Disabling cache-control skipping
The freshness skip is on by default. To always revalidate (conditional GET) even for fresh pages — without ignoring the cache entirely — set:
[crawler]
use_cache_control = false # skip step 1; always revalidateThe staleness cap only applies when the freshness skip is enabled — it bounds
how long an origin’s declared max-age is trusted:
[crawler]
use_cache_control = true # default
max_staleness_seconds = 86400 # cap on trusting origin max-age (default 24h)Use --refresh to ignore the cache completely (see below).
URL Normalization
URLs are normalized before crawling to avoid duplicates:
- Lowercased scheme and host
- Sorted query parameters
- Removed default ports (80, 443)
- Removed trailing slashes
- Decoded percent-encoding where safe
Query Parameter Handling
By default, query parameters are stripped except those in your allowlist:
[crawler]
# Keep these query params (e.g., for pagination)

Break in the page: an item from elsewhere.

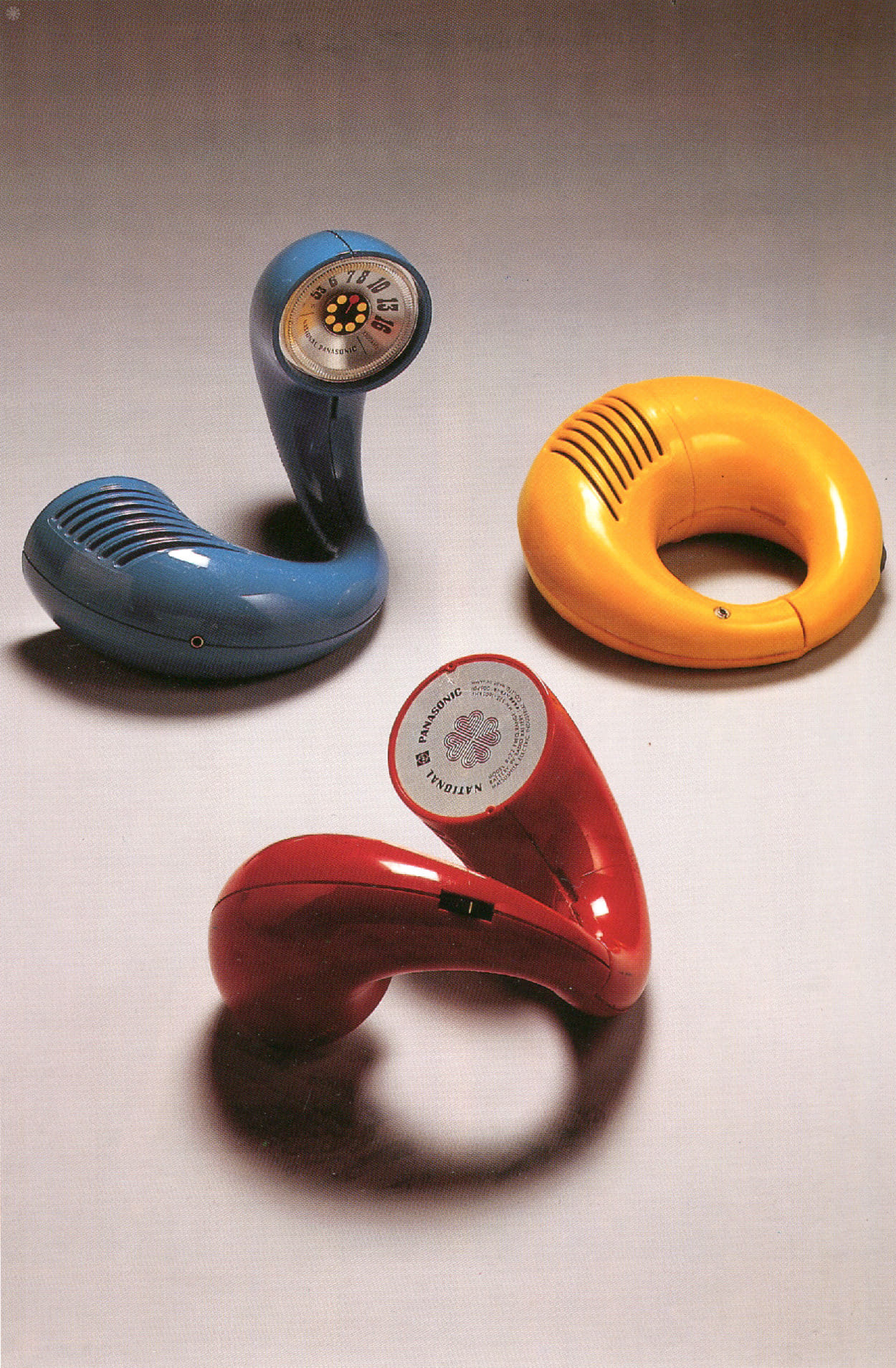 Panasonic Radio (Model R-72) Toot-A-Loop 1970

allow_query_params = ["page", "sort"]
# Drop tracking params (default)
drop_query_prefixes = ["utm_", "gclid", "fbclid"]Scope Control
Control which URLs get crawled with include/exclude patterns:
[crawler]
# Only crawl blog pages
include = ["/blog/*"]
# Skip admin and api routes
exclude = ["/admin/*", "/api/*", "*.pdf"]Multi-Domain Crawling
By default, only the seed domain is crawled. To allow additional domains:
[project]
domains = ["example.com", "blog.example.com", "cdn.example.com"]User-Agent
By default, SquirrelScan uses a random browser user-agent for each crawl session. This helps avoid bot detection and ensures your audit sees the same content real users would see.
Default Behavior
Each crawl session generates a random user-agent from real browser fingerprints (Chrome, Firefox, Safari, Edge) across desktop, mobile, and tablet devices. The same user-agent is used for all requests within a single crawl.
Custom User-Agent
To override the random user-agent with a fixed value:
[crawler]
# Use a specific user-agent
user_agent = "MyBot/1.0 (+https://example.com/bot)"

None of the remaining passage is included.